■ **PROBLEM TO SOLVE**
As the output, give exactly the lines that run from the one with "daddy is my" through the end of the records below, and omit pictures.

■ **DATA EXTRACT**
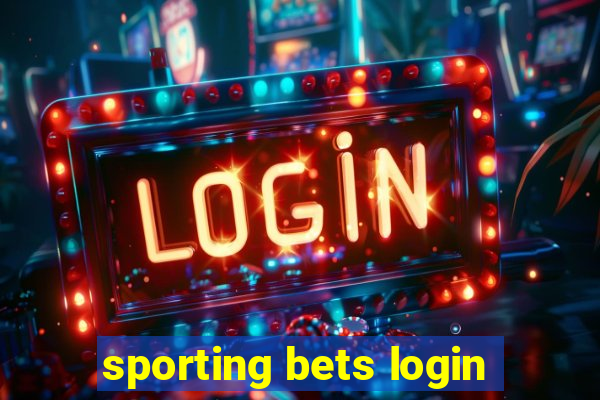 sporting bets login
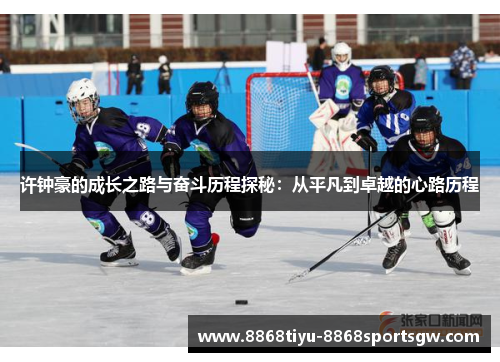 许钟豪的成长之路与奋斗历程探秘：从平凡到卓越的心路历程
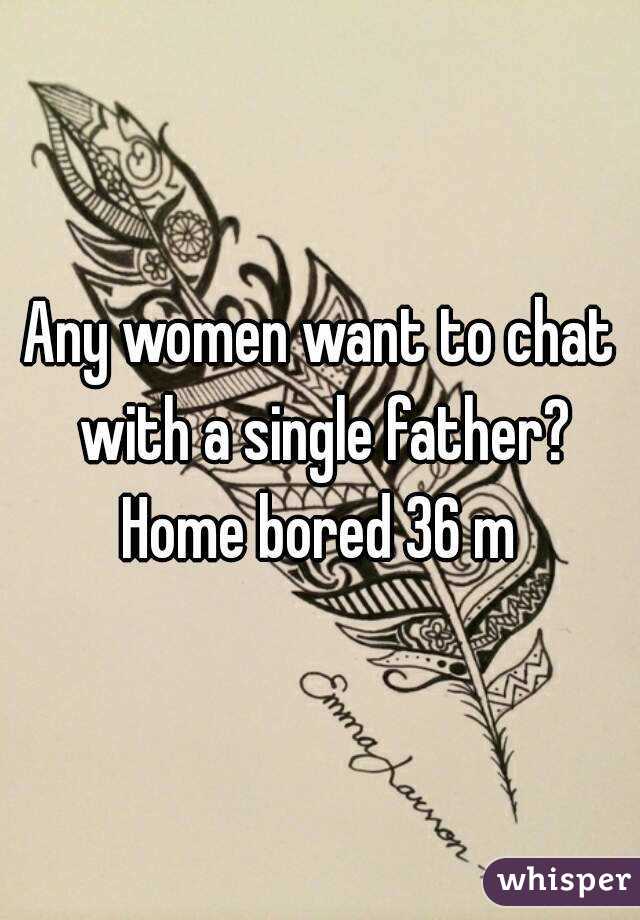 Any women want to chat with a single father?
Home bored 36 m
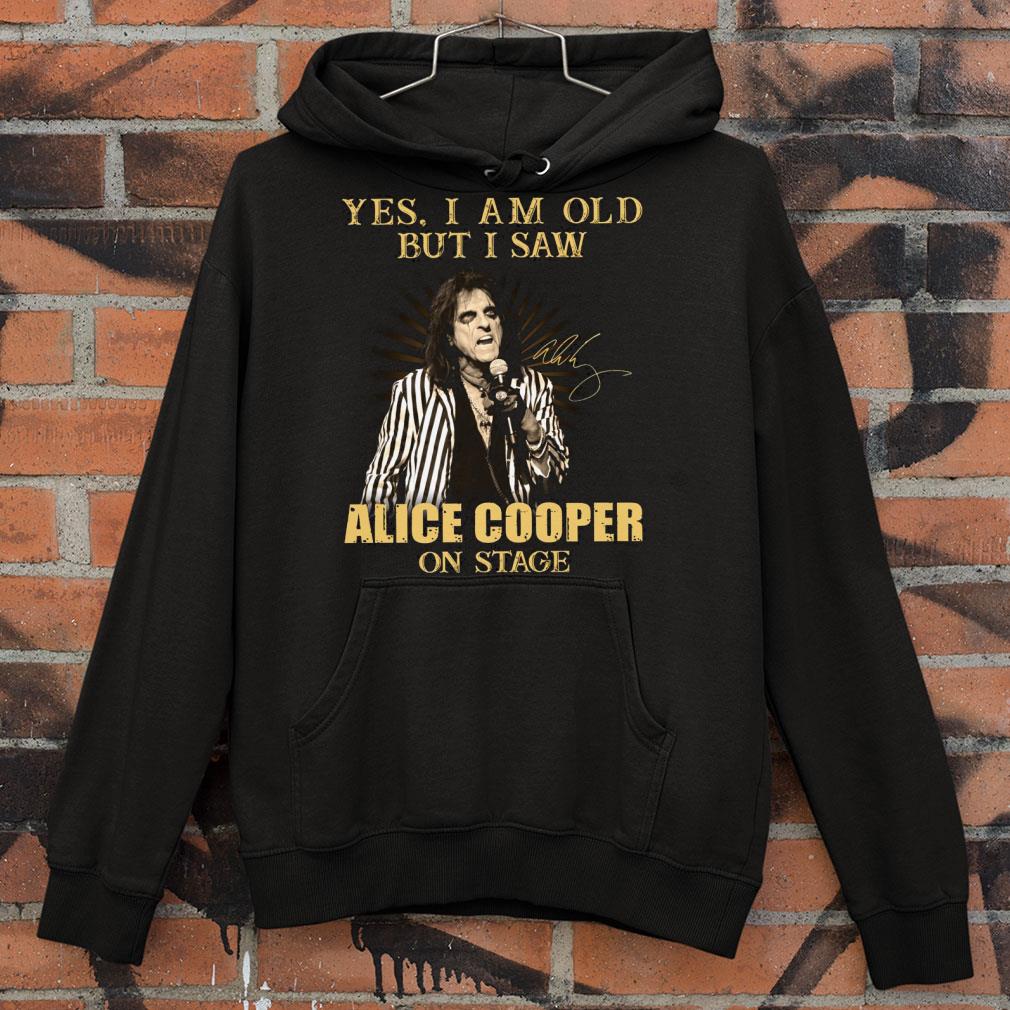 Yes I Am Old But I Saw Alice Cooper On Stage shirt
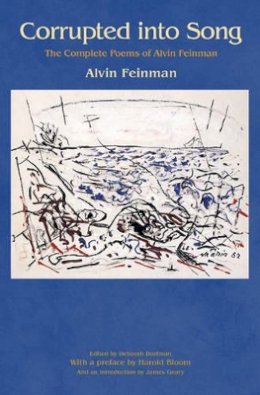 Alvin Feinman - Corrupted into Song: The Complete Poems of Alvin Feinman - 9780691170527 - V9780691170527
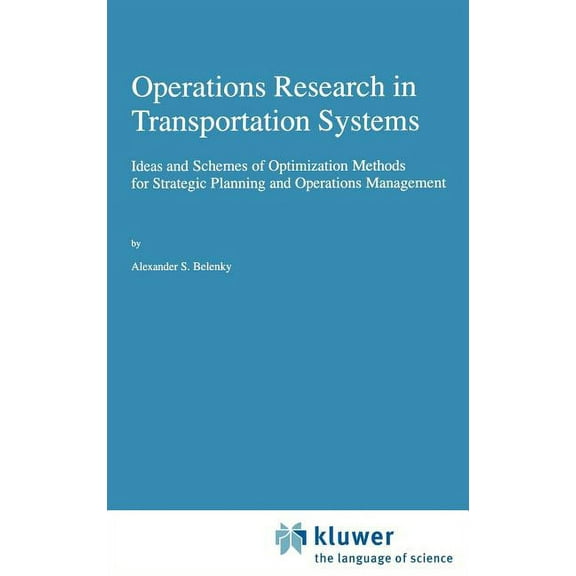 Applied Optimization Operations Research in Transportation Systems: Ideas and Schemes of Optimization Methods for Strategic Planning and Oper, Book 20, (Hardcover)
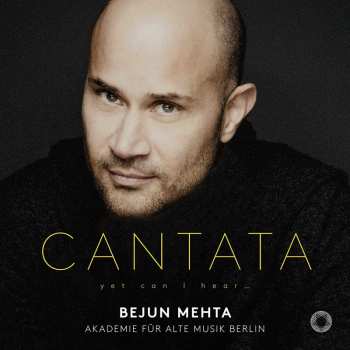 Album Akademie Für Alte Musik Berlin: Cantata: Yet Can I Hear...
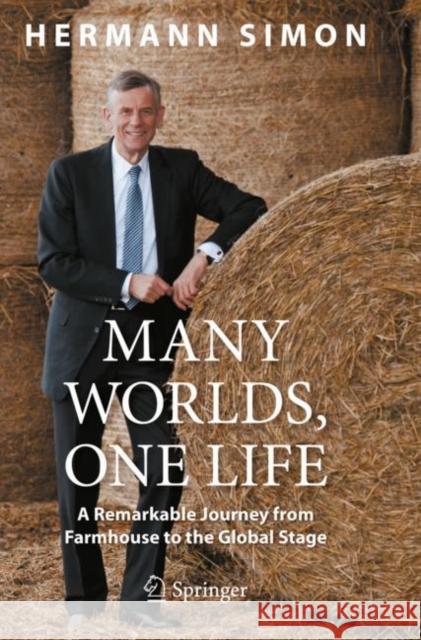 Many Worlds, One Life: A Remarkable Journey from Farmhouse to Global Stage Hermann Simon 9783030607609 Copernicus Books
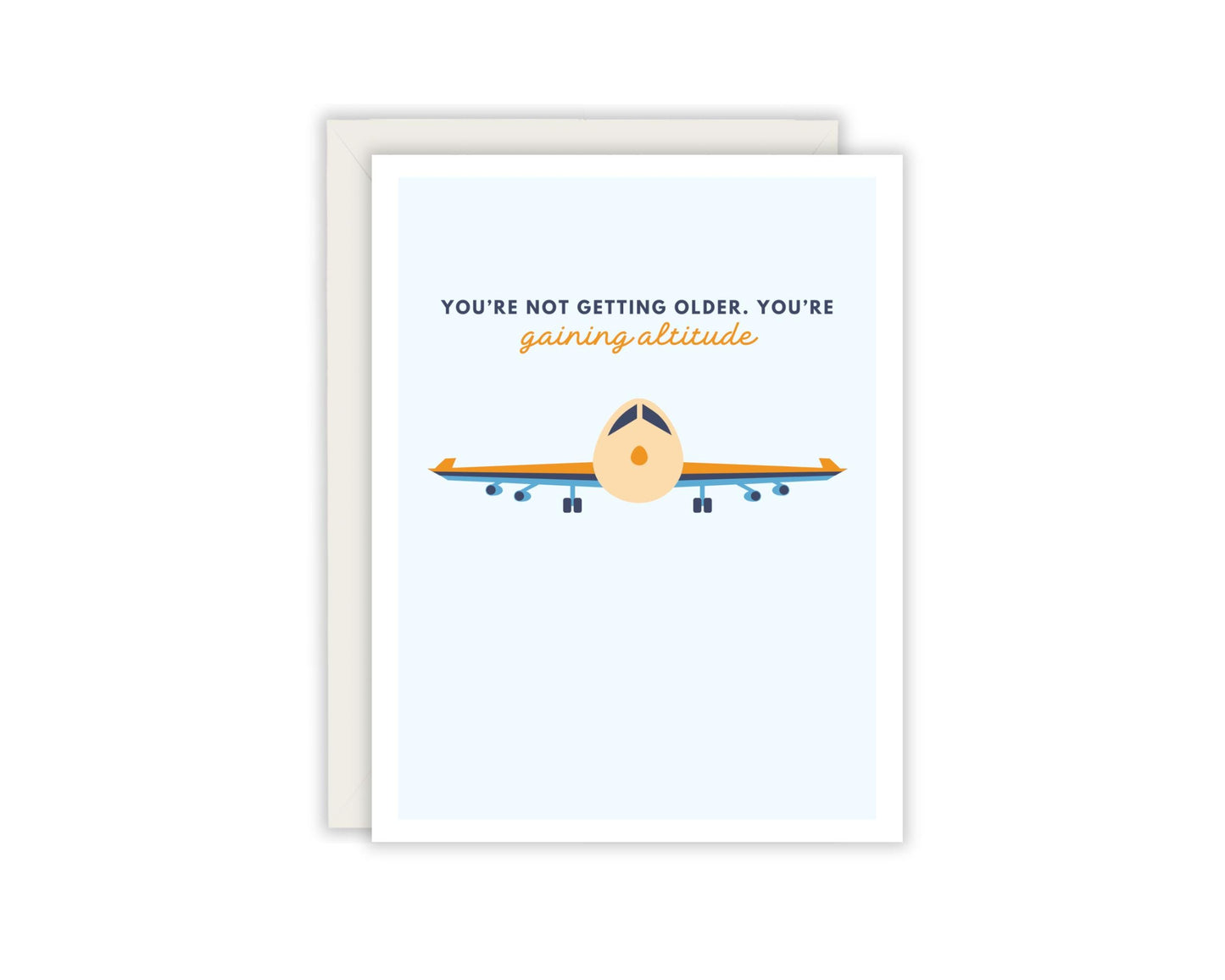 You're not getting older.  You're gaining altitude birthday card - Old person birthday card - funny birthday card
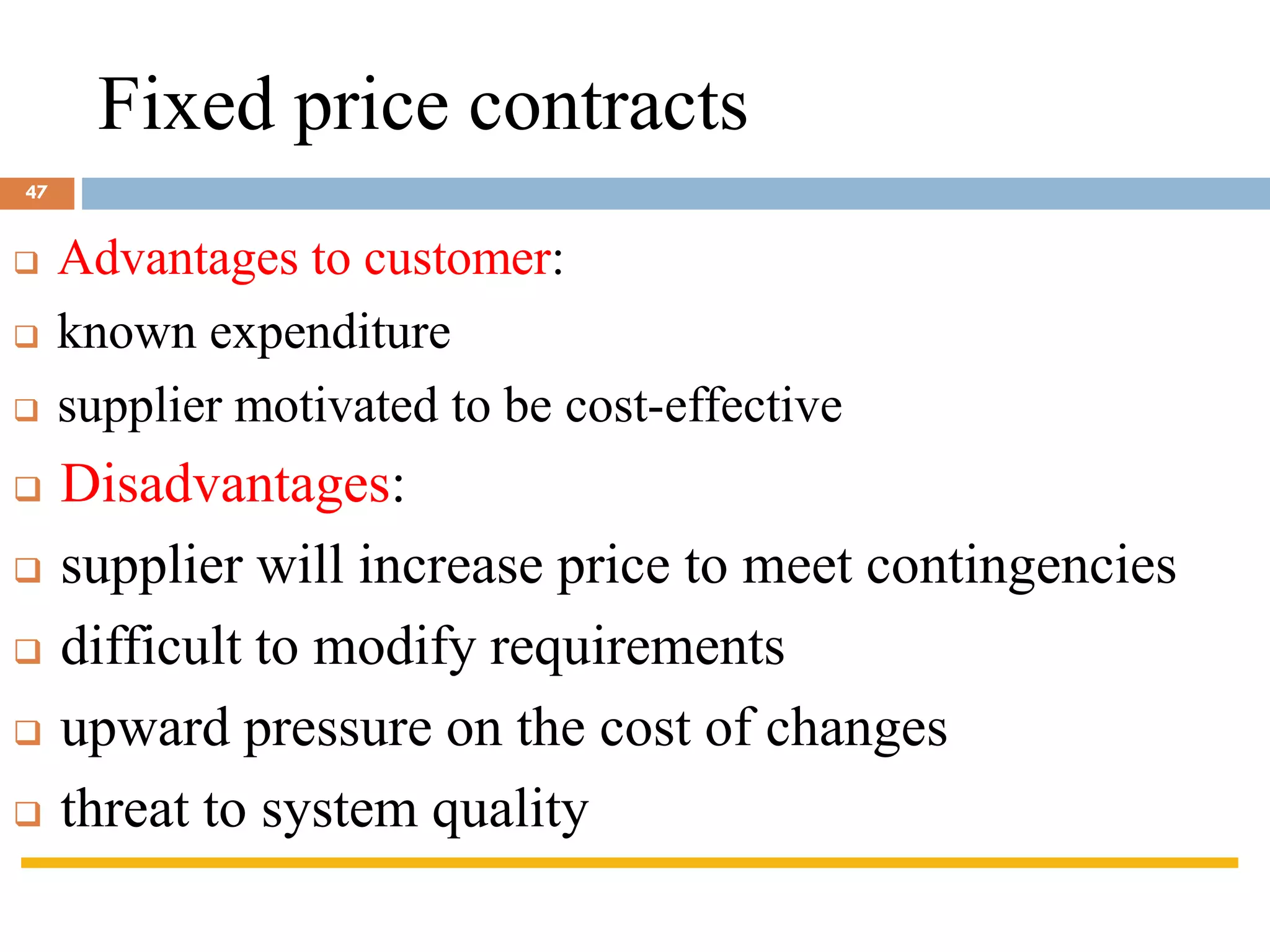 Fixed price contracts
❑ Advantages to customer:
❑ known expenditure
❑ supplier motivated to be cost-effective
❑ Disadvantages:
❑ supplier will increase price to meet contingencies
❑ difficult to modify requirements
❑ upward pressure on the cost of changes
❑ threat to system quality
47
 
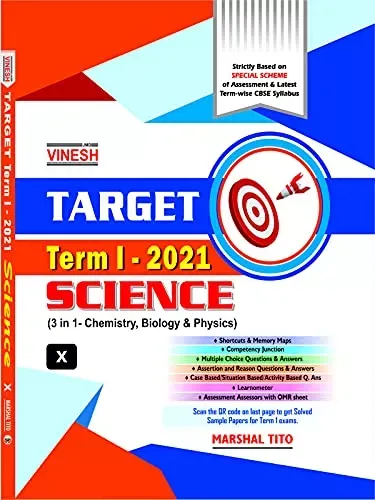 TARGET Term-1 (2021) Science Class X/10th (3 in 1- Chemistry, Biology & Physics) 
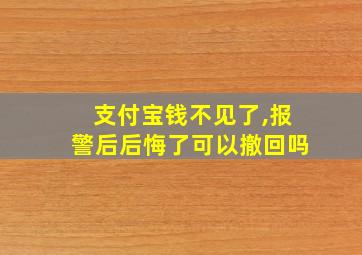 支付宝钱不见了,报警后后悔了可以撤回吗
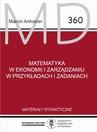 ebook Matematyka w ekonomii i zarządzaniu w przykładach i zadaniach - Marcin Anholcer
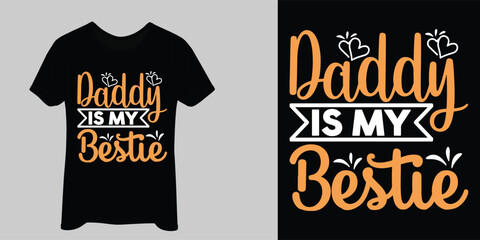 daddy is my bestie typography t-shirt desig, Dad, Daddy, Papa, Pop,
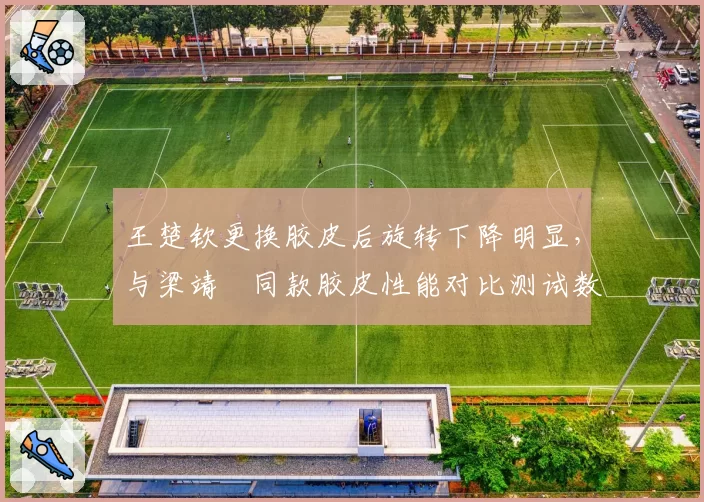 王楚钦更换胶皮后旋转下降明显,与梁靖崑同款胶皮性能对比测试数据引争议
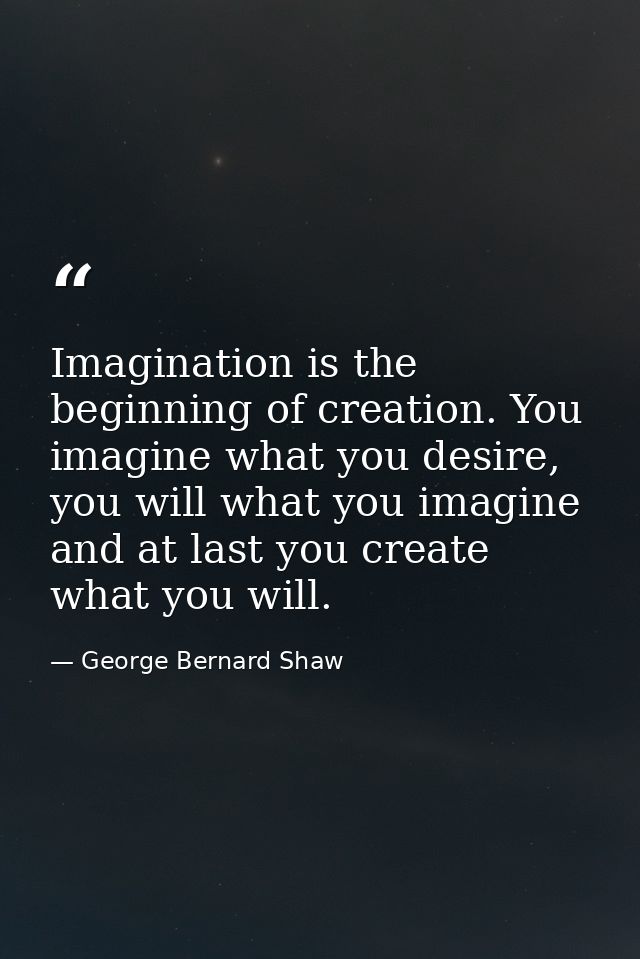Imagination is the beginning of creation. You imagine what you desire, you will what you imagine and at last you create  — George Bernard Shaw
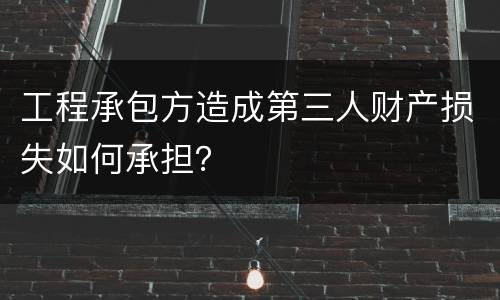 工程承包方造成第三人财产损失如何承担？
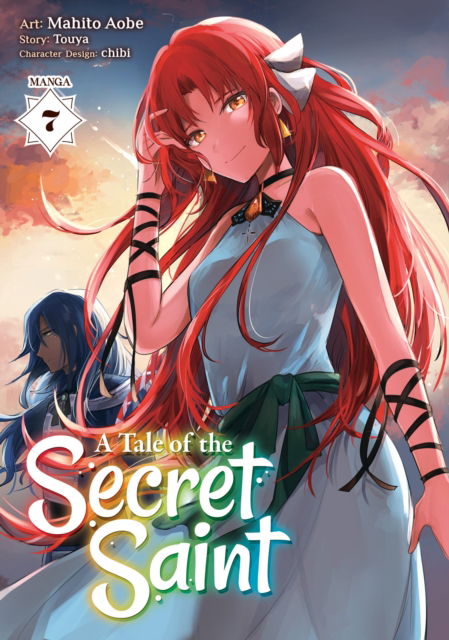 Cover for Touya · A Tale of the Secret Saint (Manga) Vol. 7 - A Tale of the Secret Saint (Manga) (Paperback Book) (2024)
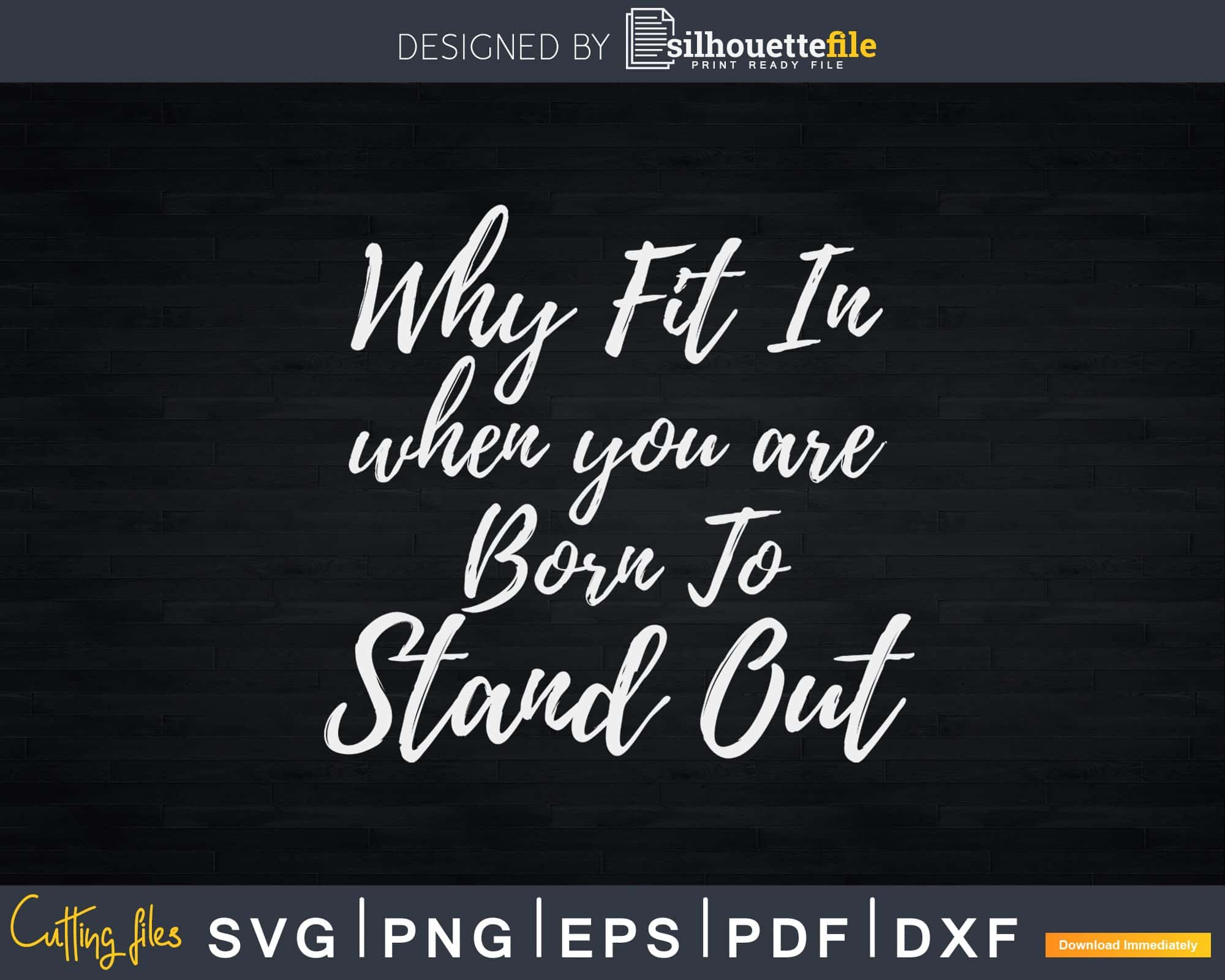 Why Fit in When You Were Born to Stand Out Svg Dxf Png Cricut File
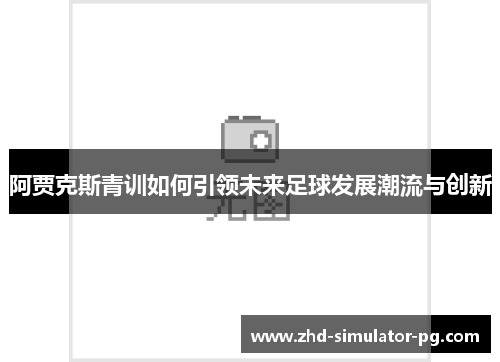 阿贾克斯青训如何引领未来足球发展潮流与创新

■ **OUTPUT FOR THIS TASK**
 daddy is my bestie typography t-shirt desig, Dad, Daddy, Papa, Pop,
 王楚钦更换胶皮后旋转下降明显,与梁靖崑同款胶皮性能对比测试数据引争议
Imagination is the beginning of creation. You imagine what you desire, you will what you imagine and at last you create  — George Bernard Shaw
 工程承包方造成第三人财产损失如何承担？
 Cover for Touya · A Tale of the Secret Saint (Manga) Vol. 7 - A Tale of the Secret Saint (Manga) (Paperback Book) (2024)
 Why Fit in When You Were Born to Stand Out Svg Dxf Png Cricut File
 阿贾克斯青训如何引领未来足球发展潮流与创新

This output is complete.